Assignment » Omit all pictures and transcribe only the lines in the entries below that run from the line with "Гальмівний диск TEXTAR 92149105" through the line with "Celine black quilted".

Supplied information »
::::::

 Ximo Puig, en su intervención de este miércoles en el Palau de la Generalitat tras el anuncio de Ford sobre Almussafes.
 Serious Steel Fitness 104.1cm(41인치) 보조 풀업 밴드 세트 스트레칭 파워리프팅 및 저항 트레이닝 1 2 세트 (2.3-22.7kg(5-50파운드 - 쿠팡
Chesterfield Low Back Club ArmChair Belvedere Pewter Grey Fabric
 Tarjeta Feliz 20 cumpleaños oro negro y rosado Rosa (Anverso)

::::::

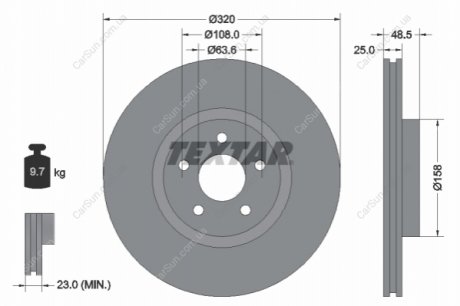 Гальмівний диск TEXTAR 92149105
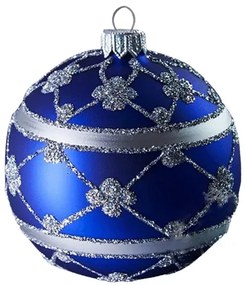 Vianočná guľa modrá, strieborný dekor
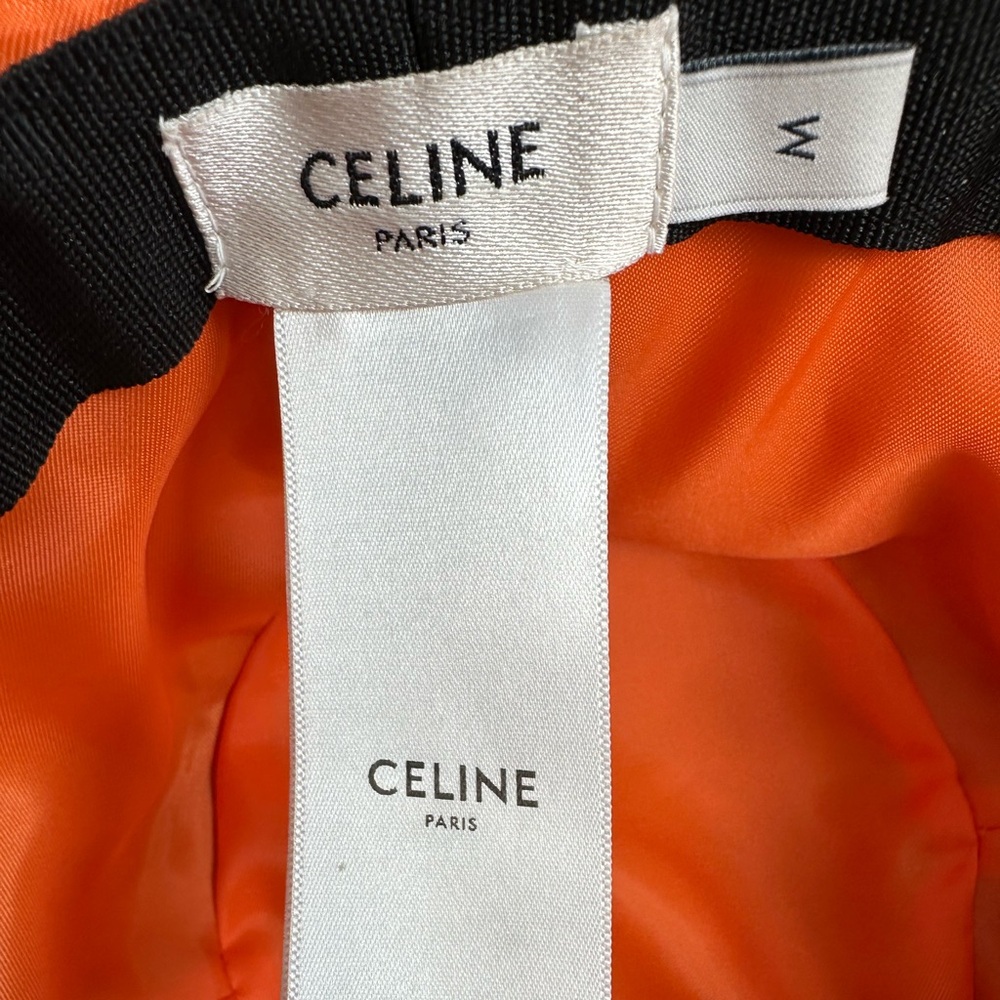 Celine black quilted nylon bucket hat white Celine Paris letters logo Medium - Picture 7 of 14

::::::

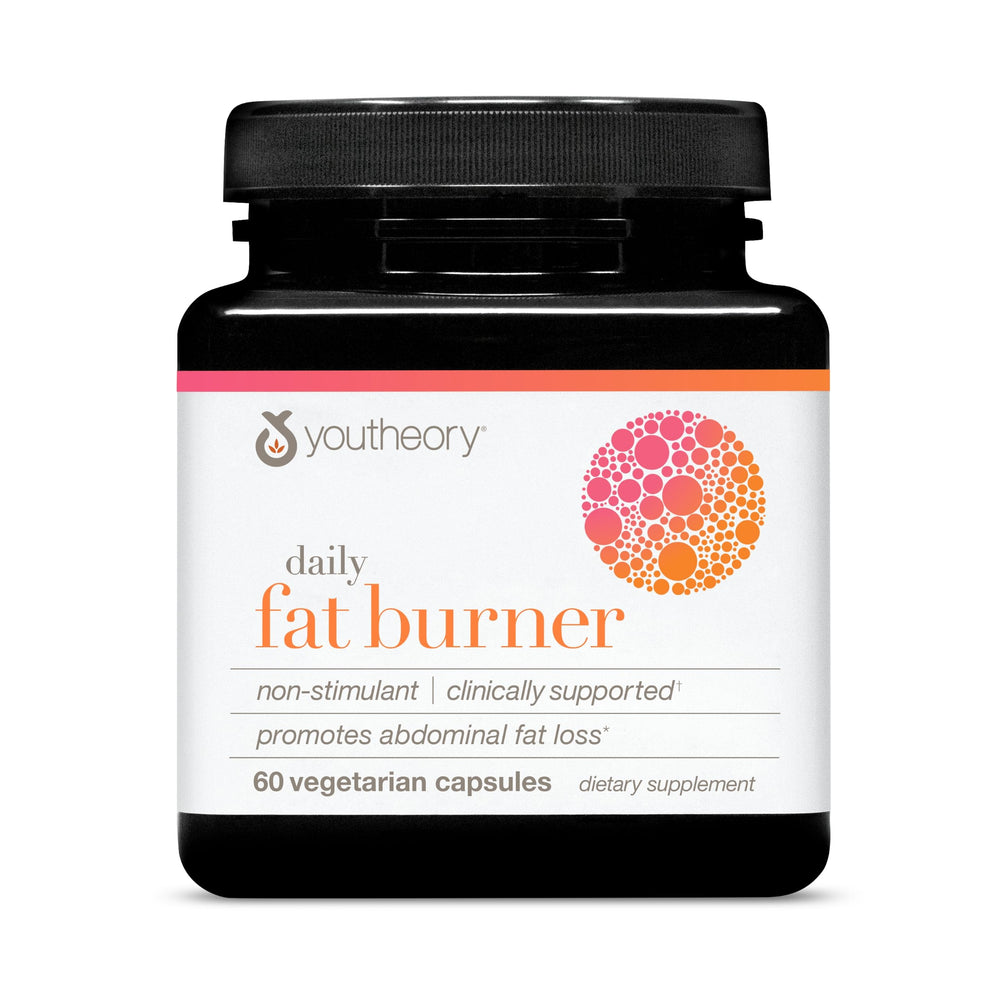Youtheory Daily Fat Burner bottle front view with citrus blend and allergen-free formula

::::::

Answer to the problem »
 Гальмівний диск TEXTAR 92149105
 Vianočná guľa modrá, strieborný dekor
 Celine black quilted nylon bucket hat white Celine Paris letters logo Medium - Picture 7 of 14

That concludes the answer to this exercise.